Visit the Woodbourne Library to view
Grounded / Ground Down featuring the work of
R. Darden Bradshaw. Bradshaw is Associate Professor of Art Education and Area Coordinator for Art Education at the University of Dayton. Holding both a Ph.D. in Art History and Education and an M.F.A. in Fiber Art from the University of Arizona, Tucson, Bradshaw works primarily with the historically rich and labor-intensive processes of wet and needle-felting, quilting, and weaving. She celebrates and draws attention to the often overlooked or unacknowledged. Honoring a familial and ancestral history of women’s handwork, her work comments on the interrelationship of memory and experience in place calling forth specific geographic locations and the people who inhabit those locales. Time exerts and ever-present push and pull both within the content, process, and the medium of Bradshaw’s work.

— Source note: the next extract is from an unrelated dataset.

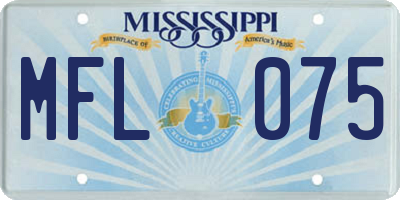 MS license plate MFL075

R Darden Bradshaw's abstract felted landscape works physically and metaphorically bind together experiences of place, walking, and the literature of place as a means to examine cultural and social constructs. Using natural dye processes with locally farmed wool, Bradshaw first wet felts large colorful abstract compositions onto a natural ground. Color signifies an embodied experience of the land and reflects the memories carried – both those that can be uttered and those that defy language. Then once dry, the felted works are cut apart and re-mixed, felted again into new compositions that reflect, reference, and visually map destruction, tension, and displacement of place and community.